» Exercise:
Make an exact copy of every entry, leaving the pictures out.

» Dataset excerpts:
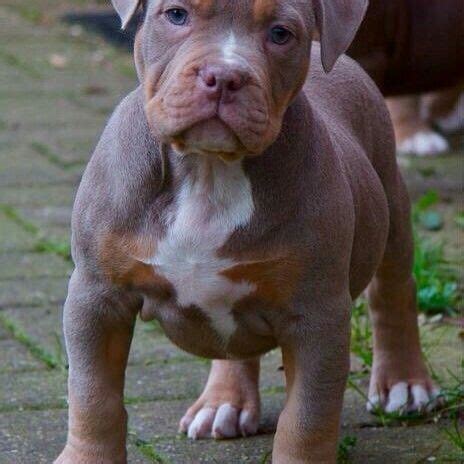 We have red noses, brindles, seals. Merle pitbull puppies for sale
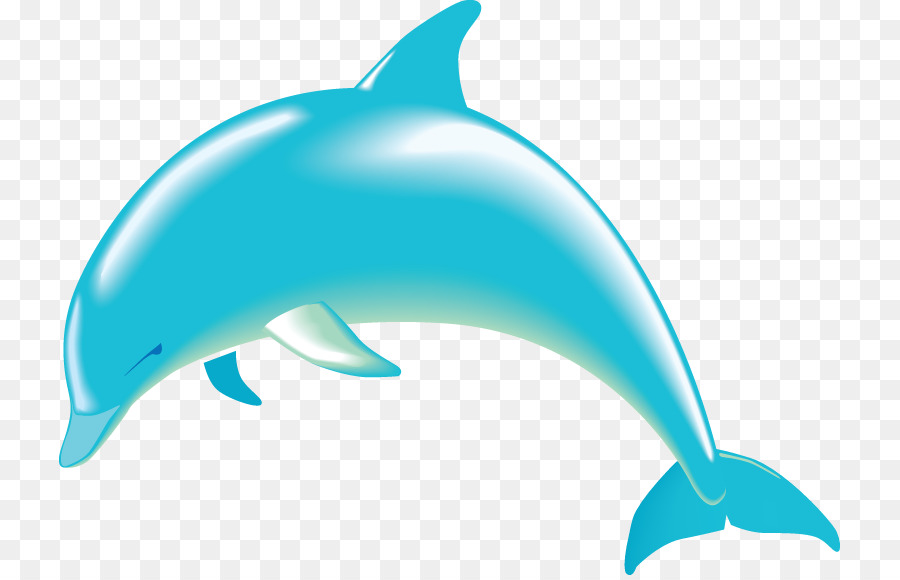 dolphins clipart dolphin fish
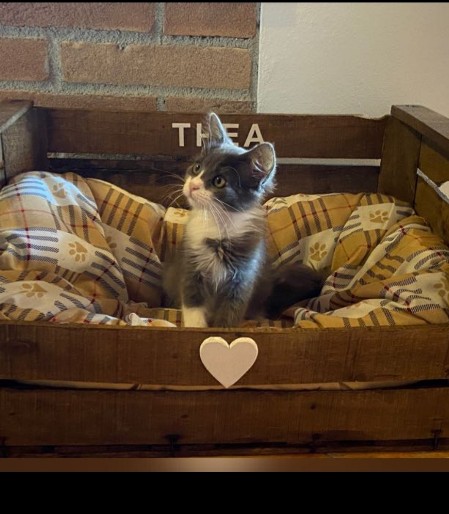 casa+micio+cassetta+nido+gatto Falegnameria Produzione Cassetta Nido Per Gatto Vendita Online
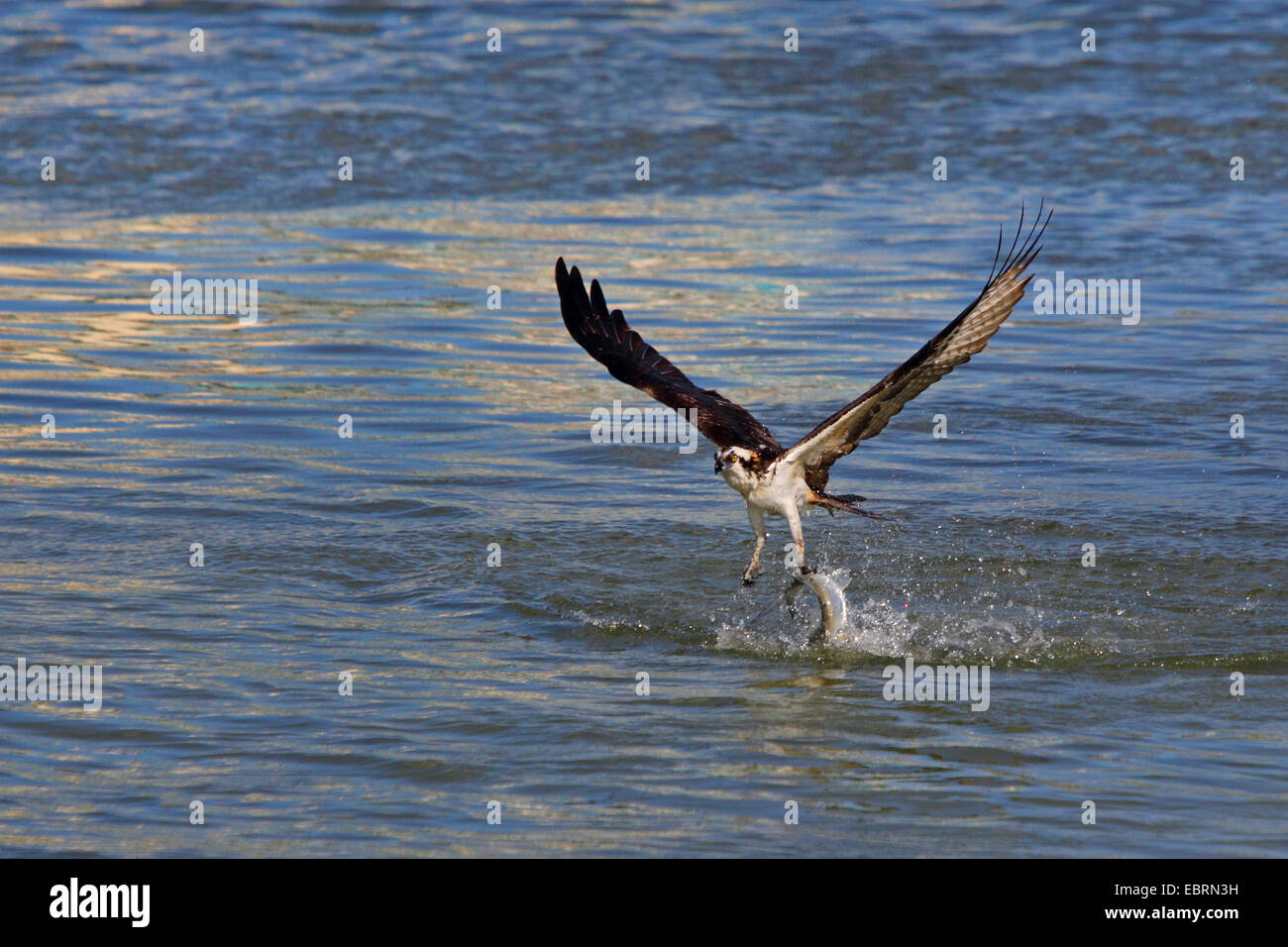 osprey, fish hawk (Pandion haliaetus), flies off from the water with a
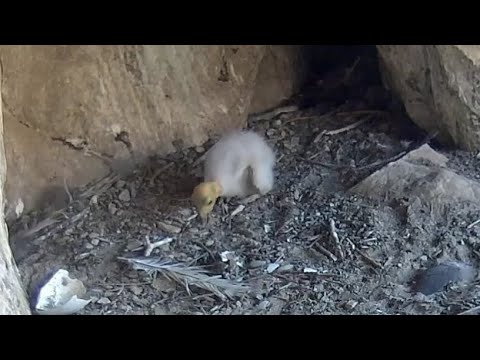 California Condors | Baby Condor alone in nest | May 22, 2022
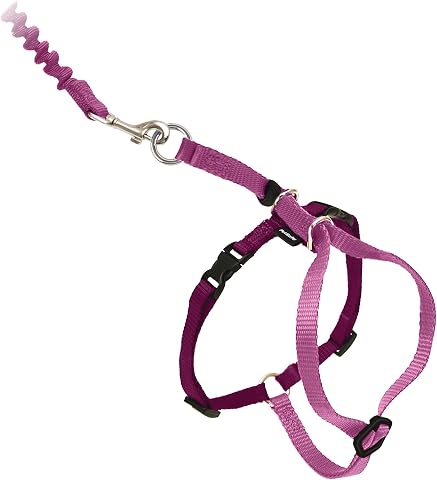 PetSafe Come With Me Kitty Koşum Takımı ve Bungee Tasma, Kediler için Koşum, Büyük, Tozlu Gül/Bordo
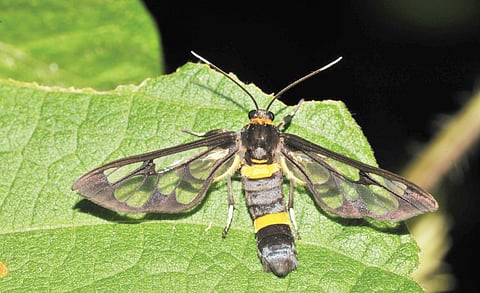 The Day Flying Syntomid Moth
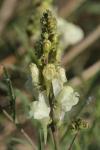 Linaria x sepium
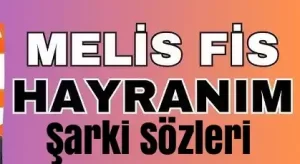 Melis Fis - Hayranım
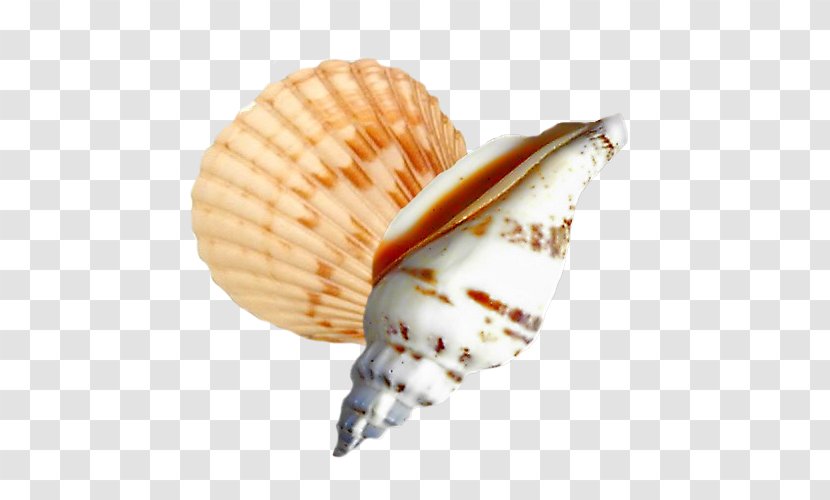 Cockle Seashell Conchology Sea Snail - Molluscs Transparent PNG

» Exercise answer:
 We have red noses, brindles, seals. Merle pitbull puppies for sale
 dolphins clipart dolphin fish
 casa+micio+cassetta+nido+gatto Falegnameria Produzione Cassetta Nido Per Gatto Vendita Online
 osprey, fish hawk (Pandion haliaetus), flies off from the water with a
 California Condors | Baby Condor alone in nest | May 22, 2022
 PetSafe Come With Me Kitty Koşum Takımı ve Bungee Tasma, Kediler için Koşum, Büyük, Tozlu Gül/Bordo
 The Day Flying Syntomid Moth
 Linaria x sepium
 Melis Fis - Hayranım
 Cockle Seashell Conchology Sea Snail - Molluscs Transparent PNG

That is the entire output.